# Reformed Christian Radio



## Herald (Jul 16, 2007)

*Redeemer Broadcasting Network*


----------



## Anton Bruckner (Jul 17, 2007)

How can they be reformed when they have Joni Eareckson Tada on? Aren't women prohibited from teaching? Or is her ministry only geared towards women?


----------



## Herald (Jul 17, 2007)

Keon - dunno. I do know that R.C. Sproul has Joni at the Ligonier national conference. I don't believe she is offering bible teaching.


----------



## Pilgrim (Jul 17, 2007)

Although I haven't heard it in a long time, my recollection is that at most her program offers devotional material and is dedicated to encouraging those with various disabilities. 

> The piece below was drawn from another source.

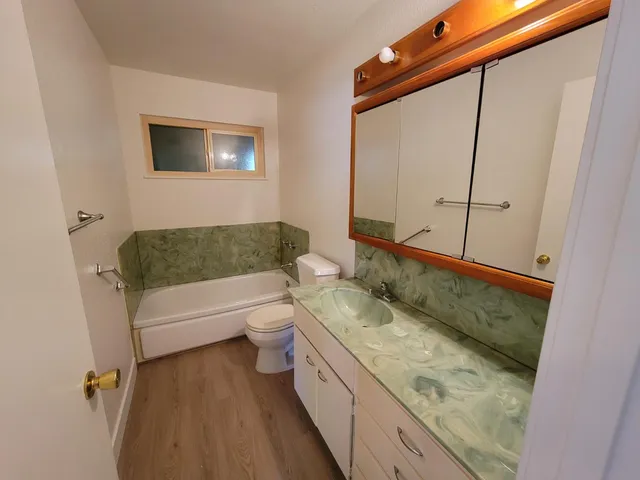 a bathroom with a granite countertop sink a toilet and bathtub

Nancy Leigh DeMoss is carried by many stations but her teaching is definitely geared toward women.


----------



## jbergsing (Jul 17, 2007)

Thanks Bill! Now I have something better to stream into the laptop that is better than the "Joyce Meyers" type of radio that is so predominant on the public airwaves as well as on XM radio!


----------



## blhowes (Jul 17, 2007)

Bill,
Thanks for providing the link. Its a blessing to be listening to some good Christian music now at work. Very uplifting.
Bob


----------



## blhowes (Jul 17, 2007)

I'm listening to the most beautiful lady's ensemble now - the harmonies!! 

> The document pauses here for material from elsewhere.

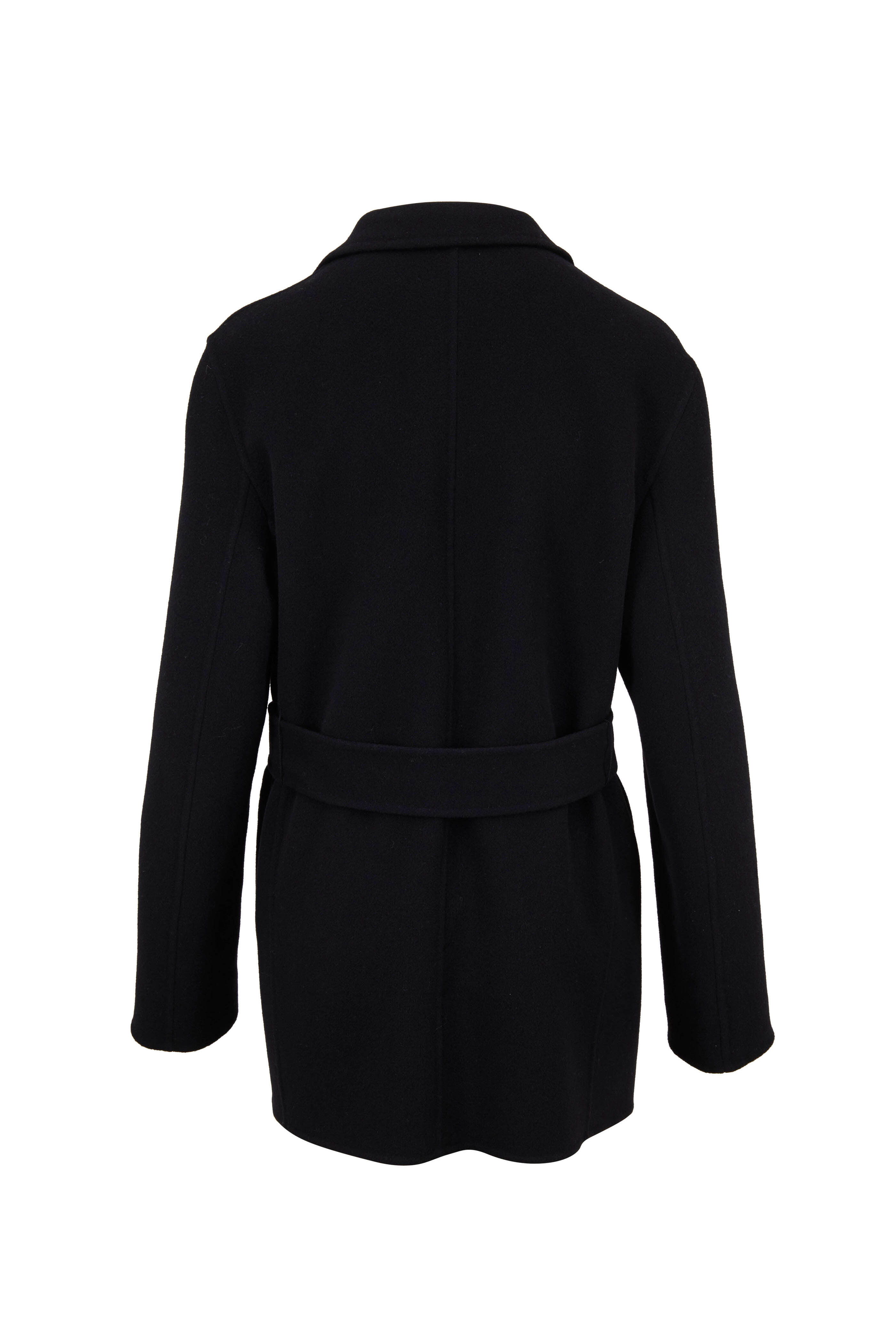 The Row - Tora Black Stretch Wool Belted Jacket | Mitchell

At previous baptist church's I've attended, it wasn't uncommon to let out a hearty AMEN or PRAISE THE LORD when blessed. I'm at work now...and I feel like letting one fly...<refraining (a little music joke) myself>


----------



## Blueridge Believer (Jul 17, 2007)

Thanks for the link dear brother.


----------



## brymaes (Jul 17, 2007)

BaptistInCrisis said:


> *Redeemer Broadcasting Network*


This is really quite good!


----------